The Trouble Between Us: An Uneasy History of White and Black Women in the Feminist Movement by Winifred Breines
My rating: 4 of 5 stars
This book is a collection of essays by Winifred Breines and the role of women in the feminist movement of the 1960s through the 1980s. Breines follows a chronological history of feminists beginning with white women and African-American women's roles in the Student Nonviolent Coordinating Committee (SNCC) and how these two groups of women forged their own campaign for equal rights. Breines also details the role of African-American women in the Black Power movement, specifically detailing specific leaders with the Black Panthers. Two other groups are noted, the Bread and Roses group and Combahee River Collective. These groups were socialist feminist group, the former a white oriented group and the latter an African-American group. The Bread and Roses organization was anti-capitalist and anti-racial, hoping to be inclusive of all women of race.
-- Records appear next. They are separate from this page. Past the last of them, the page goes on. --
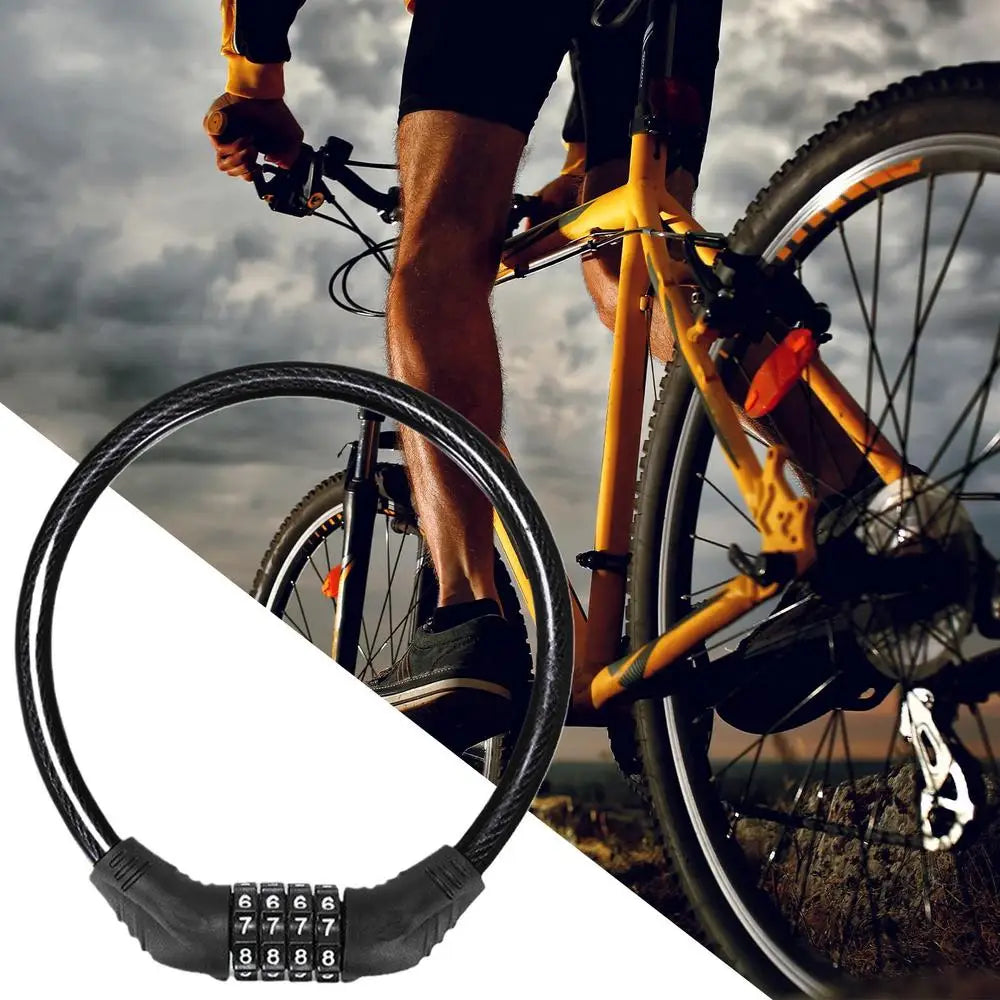 Anti-Theft Bicycle Combination Lock Combination Bikes Lock 4 Digit Heavy Duty Keyless Bicycles Lock For Electric Scooter Bikes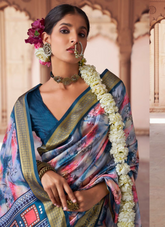 Nakshatra Digital Print Party Wear Blue Multicolour Floral Saree with Gold Border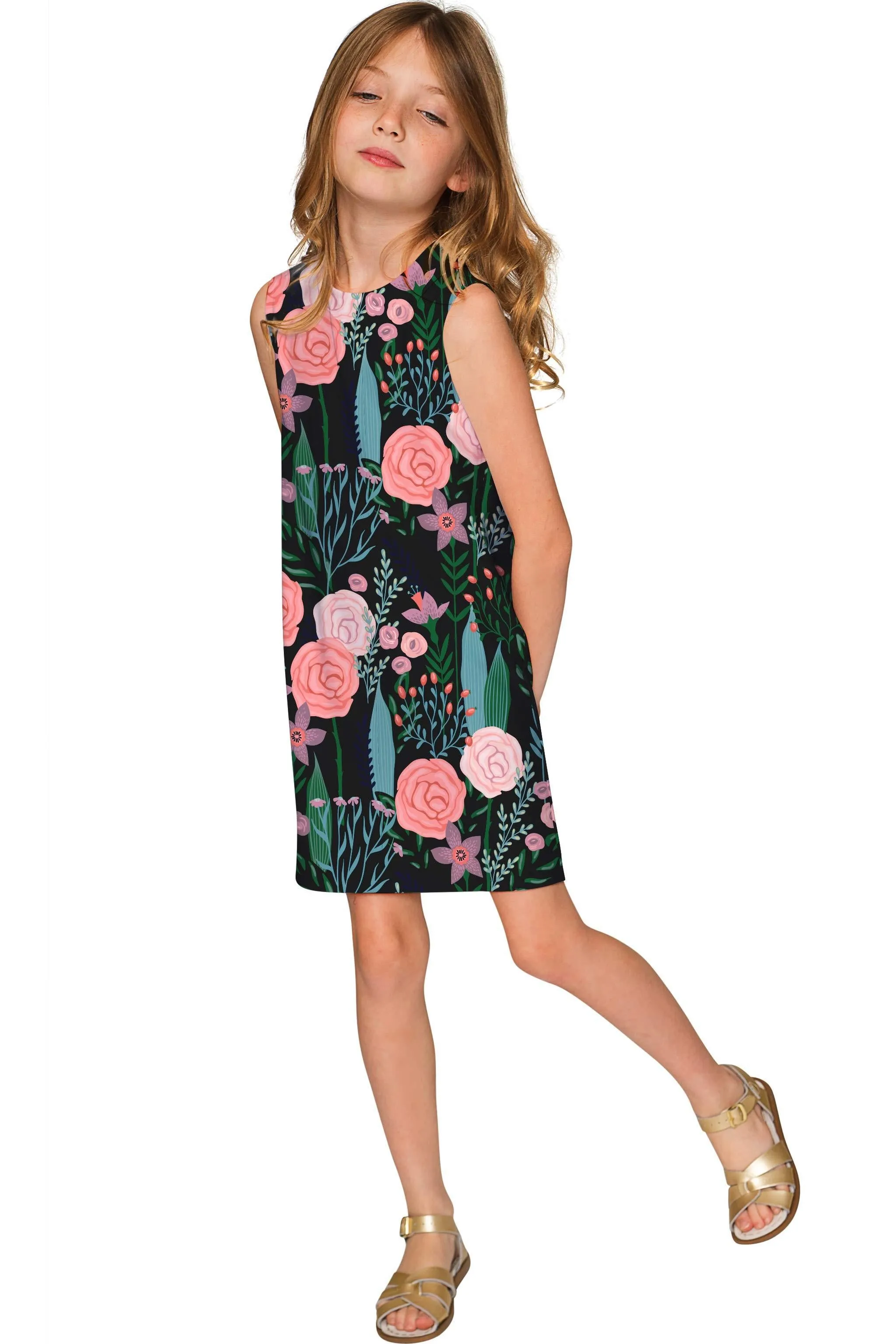 Cover Girl Adele Black Floral Printed Shift Dress - Girls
The divide between the two races continued into these organizations that began in the days of SNCC. The author then wraps up her discussion as she details the issues in Boston in the 1970s and 1980s when many African-American women were being killed. Women of all colors began to come together to fight capitalism, racism, and sexism.
Well written, scholarly work discussing the oppression of women during the anti-war and New Left movement era. The overriding theme is that solidarity is power and should cross race and class lines.